Auxiliary definitions

We can convert vector equalities to environment equalities.

build-≈ϱ :
  fs ≈ᵥ[ i ] gs →
  ---------------------------
  lookup fs ≈ϱ[ i ] lookup gs

build-≈ϱ (f≈g ∷≈ _) zero = f≈g
build-≈ϱ (_ ∷≈ h) (suc x) = build-≈ϱ h x

map-cong :
  ∀ (f g : SEnv X) (xs : Vec X n) →
  (∀ x → f x ≈[ i ] g x) →
  ---------------------------------
  map f xs ≈ᵥ[ i ] map g xs

map-cong f g [] ass = []≈
map-cong f g (x ∷ xs) ass = ass x ∷≈ map-cong f g xs ass

Sum of series

The sum of two series f and g is the series f + g which is defined coinductively as follows.

infixr  _+_
_+_ : A ⟪ Σ ⟫ i → A ⟪ Σ ⟫ i → A ⟪ Σ ⟫ i
ν (f + g) = ν f +R ν g
δ (f + g) a = δ f a + δ g a

Properties of sum

We show that series with addition _+_ and zero 𝟘 form a monoid.

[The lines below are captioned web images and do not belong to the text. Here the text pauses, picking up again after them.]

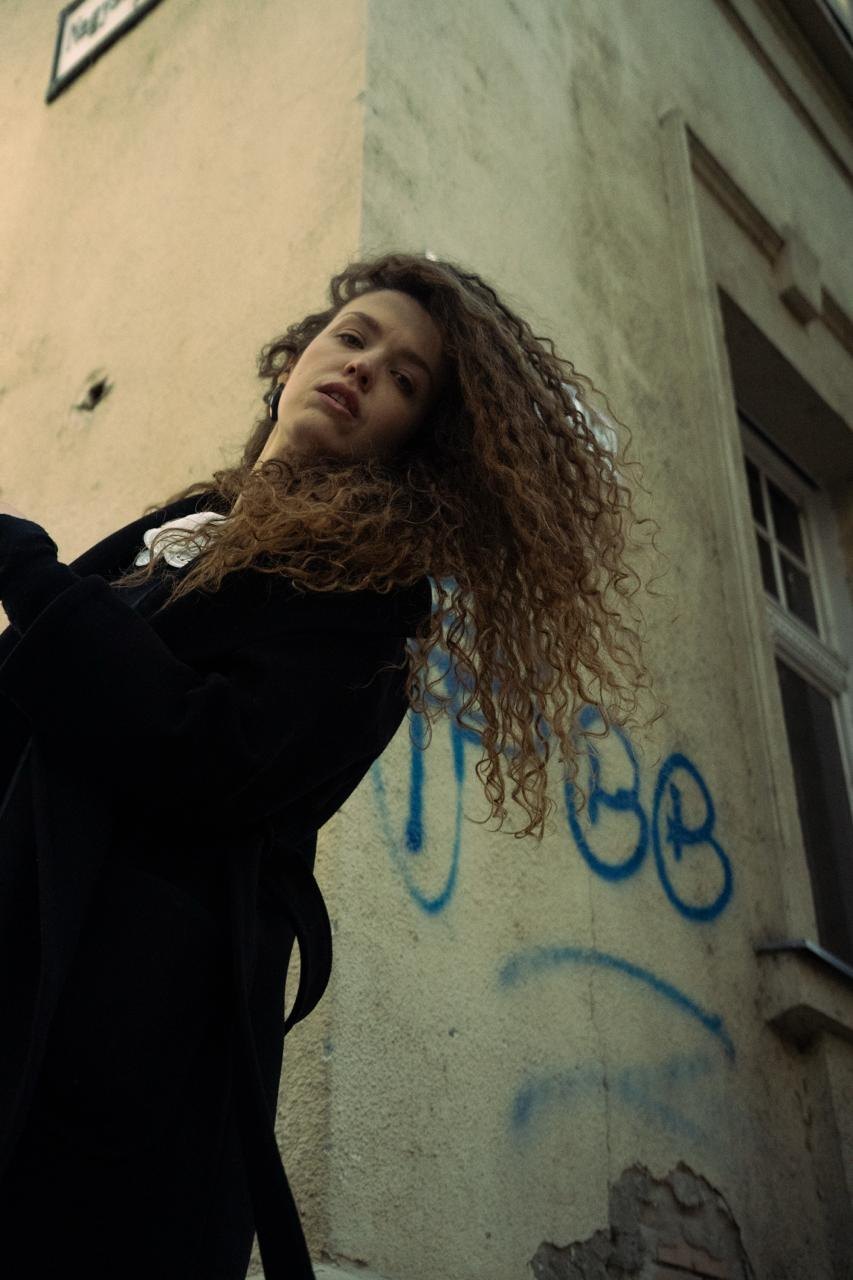 A woman with curly hair leaning on a wall with graffiti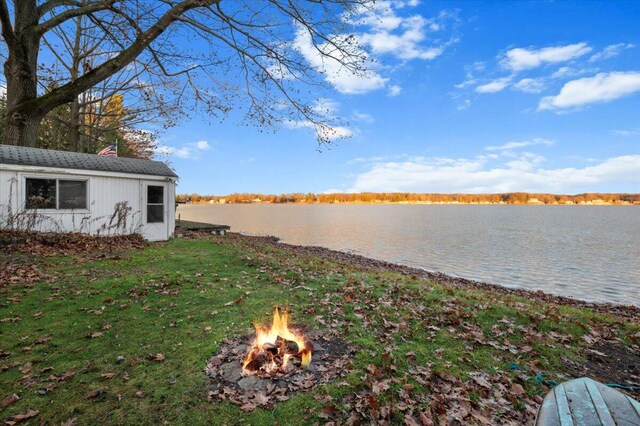 view of yard featuring a water view and a fire pit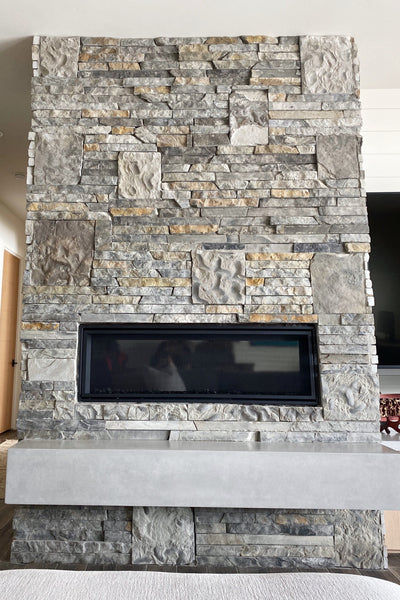 Interior design of custom fireplace surrounded by stone pillar with concrete floating shelf. Designed by interior designer Erica LeMaster Sargent. 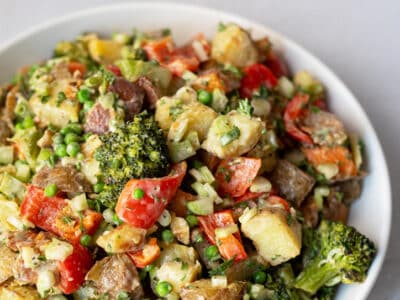 Close up of a large bowl of colorful potato salad that includes bell peppers, broccoli, and peas.
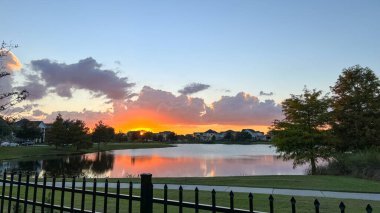 Güzel pembe, turuncu ve mavi gün batımı bir banliyö gölünde yansıyor..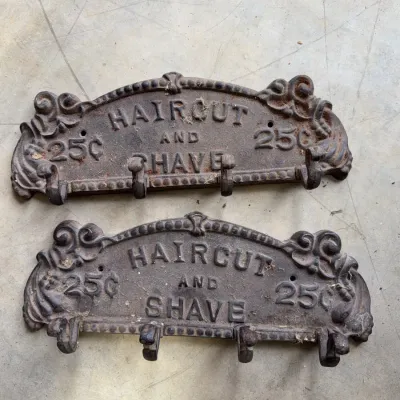 Sale Photo Thumbnail #245: Pair of vintage-style cast iron coat racks featuring embossed text that reads "HAIRCUT AND SHAVE 25¢". Each wall-mounted rack includes four hooks and exhibits a rustic, weathered patina.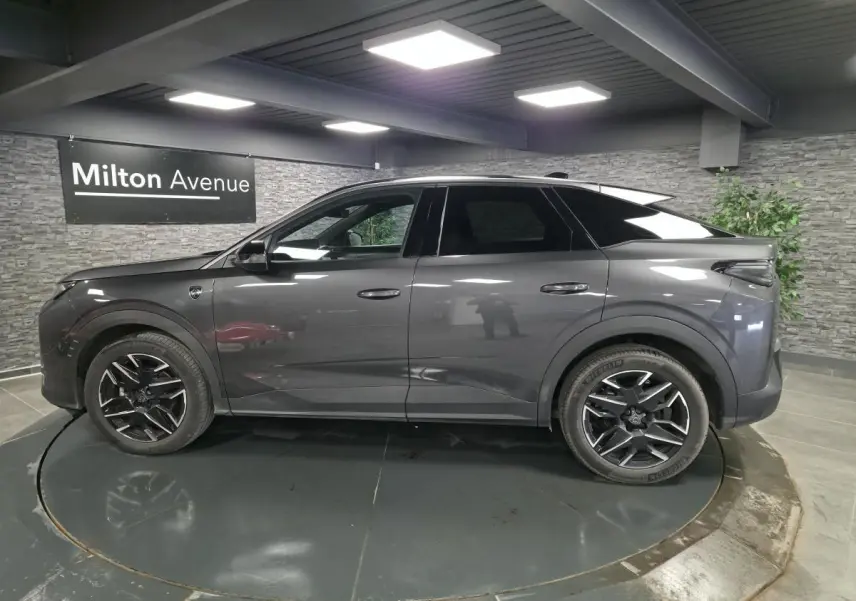 Profil côté gauche du Peugeot 3008 gris métallisé 2025 avec jantes alliage noires et toit noir en showroom.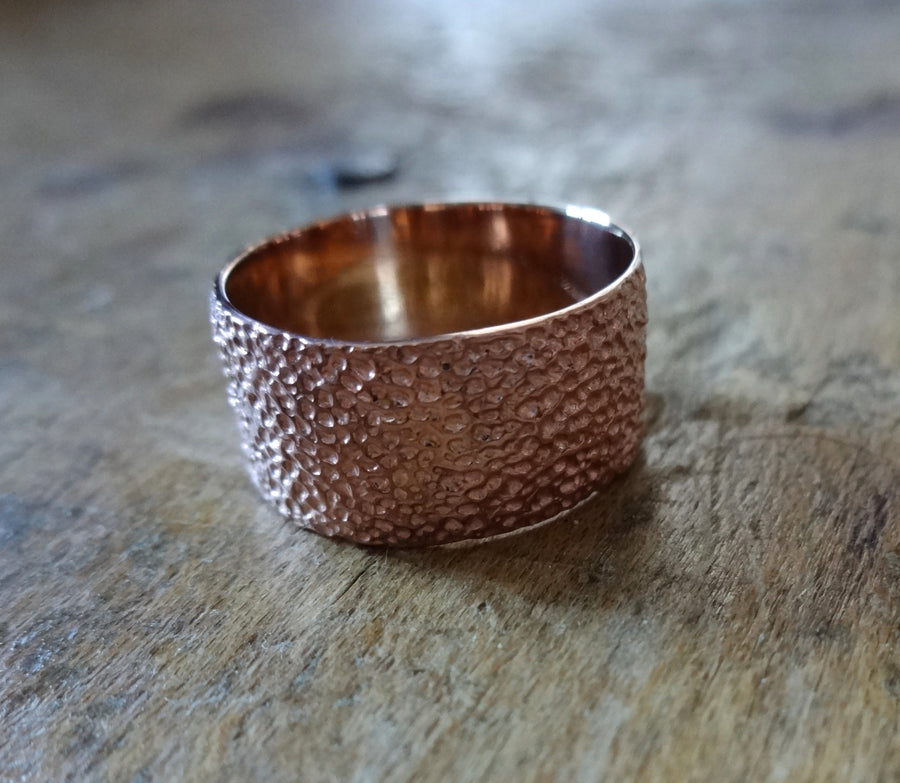 Simple elegant broad ring bands hand textured to emulate the dappled light naturally found in nature handmade in NYC by designer Jayne Moore model Jayne Moore from recycled refined metals in 18kt gold a light classic timeless wedding band for him or for her 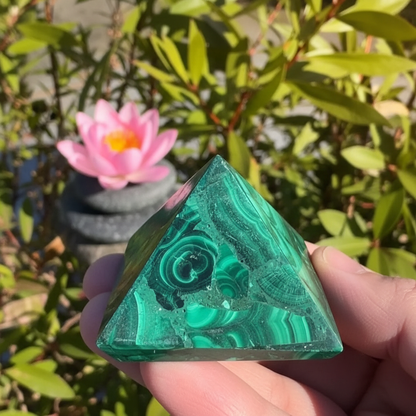 Pyramide malachite fond ensoleillé jardin lumineux – pierre naturelle énergie positive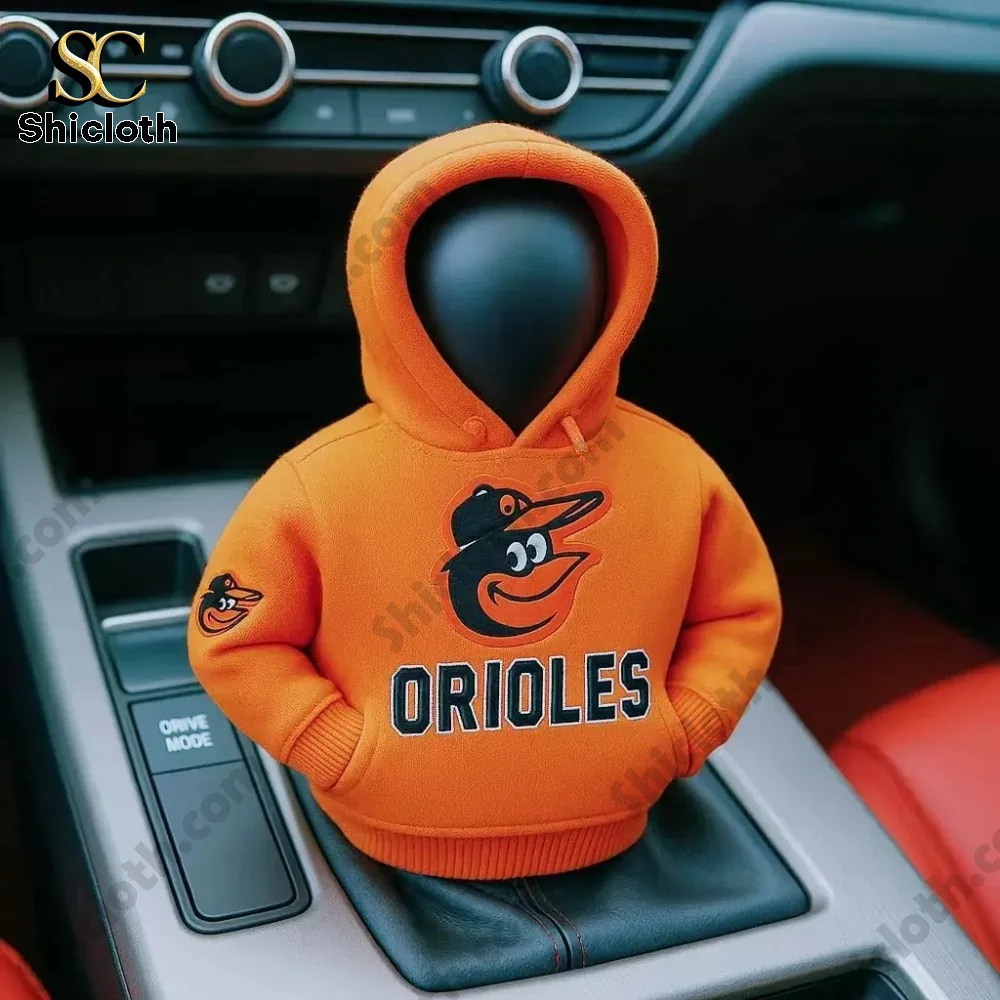 A car gear shift knob dressed in an orange Orioles hoodie inside a car interior!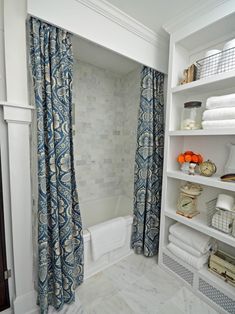 the bathroom is decorated in white with blue and orange decor on the shower curtain rod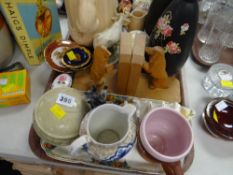 A parcel of mixed pottery ornaments, carved bookends etc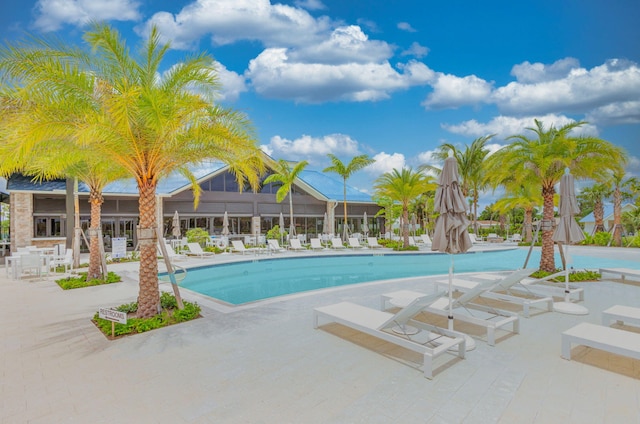 view of swimming pool with a patio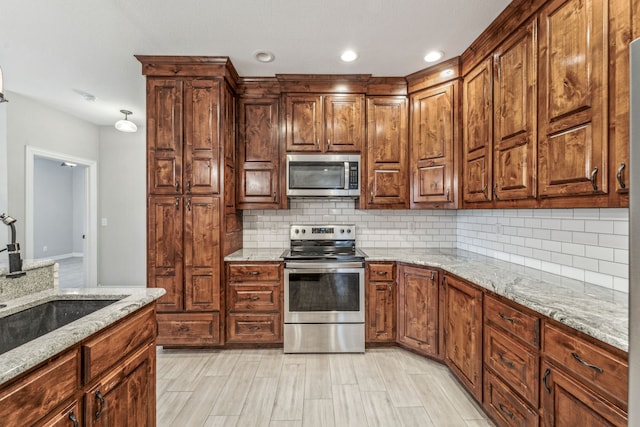 kitchen with light stone counters, recessed lighting, a sink, appliances with stainless steel finishes, and backsplash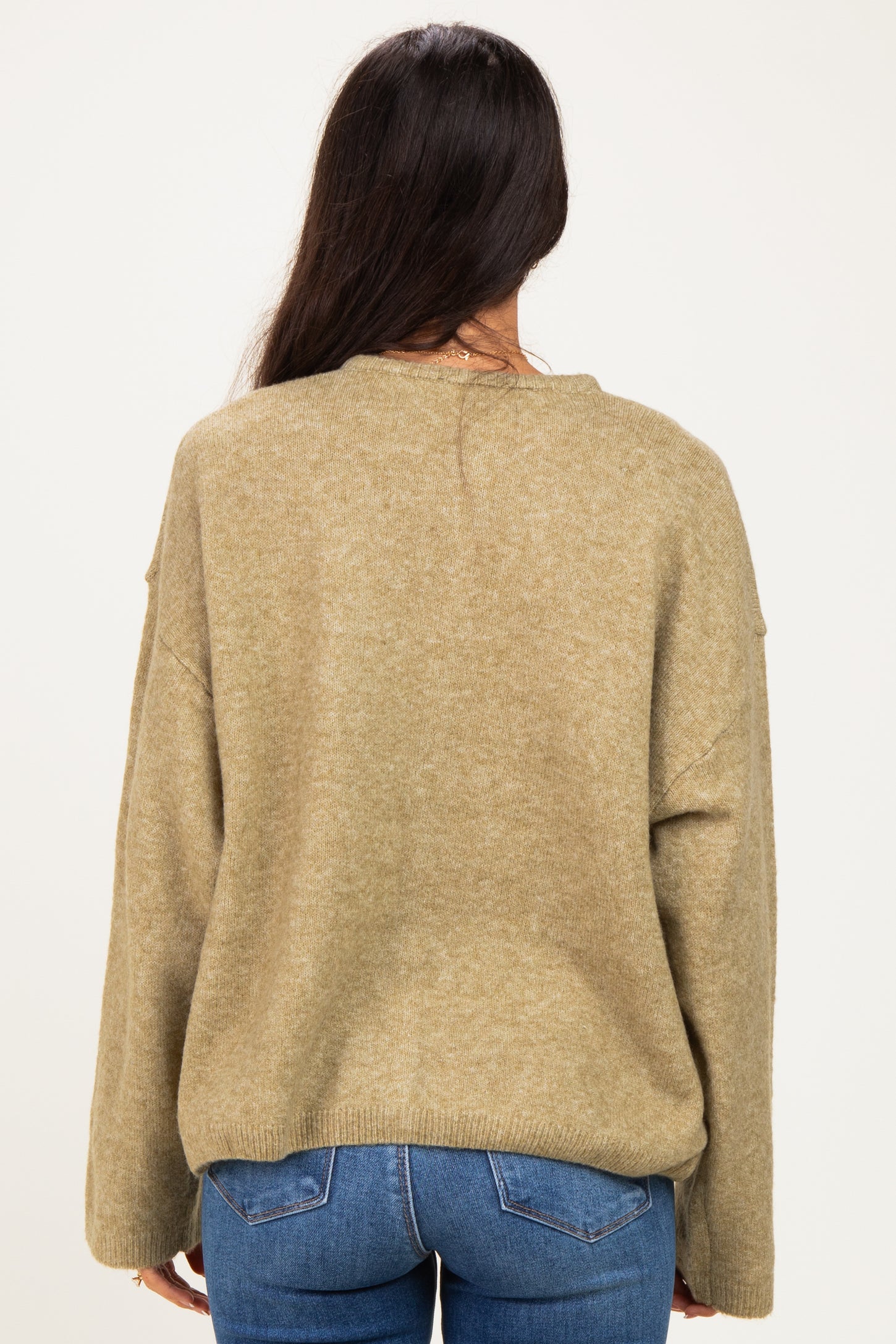 woman wearing a cozy olive green oversized sweater, viewed from the back with long sleeves and relaxed fit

+-identityˡ : (f : A ⟪ Σ ⟫) → 𝟘 + f ≈ f
ν-≈ (+-identityˡ f) = +R-identityˡ (ν f)
δ-≈ (+-identityˡ f) a = +-identityˡ (δ f a)

+-identityʳ : (f : A ⟪ Σ ⟫) → f + 𝟘 ≈ f
ν-≈ (+-identityʳ f) = +R-identityʳ (ν f)
δ-≈ (+-identityʳ f) a = +-identityʳ (δ f a)

+-identity : Identity _≈_ 𝟘 _+_
+-identity = +-identityˡ ,, +-identityʳ

+-comm : (f g : A ⟪ Σ ⟫) → f + g ≈ g + f
ν-≈ (+-comm f g) = +R-comm (ν f) (ν g)
δ-≈ (+-comm f g) a = +-comm (δ f a) (δ g a)

+-assoc : (f g h : A ⟪ Σ ⟫) → (f + g) + h ≈ f + g + h
ν-≈ (+-assoc f g h) = +R-assoc (ν f) (ν g) (ν h)
δ-≈ (+-assoc f g h) a = +-assoc (δ f a) (δ g a) (δ h a)

+-cong : Congruent₂ (λ f g → _≈[_]_ f i g) _+_
ν-≈ (+-cong f≈g h≈i) = +R-cong (ν-≈ f≈g) (ν-≈ h≈i)
δ-≈ (+-cong f≈g h≈i) a = +-cong (δ-≈ f≈g a) (δ-≈ h≈i a)

infix  _+≈_
_+≈_ = +-cong

We can prove a ternary version of the congruence property for addition.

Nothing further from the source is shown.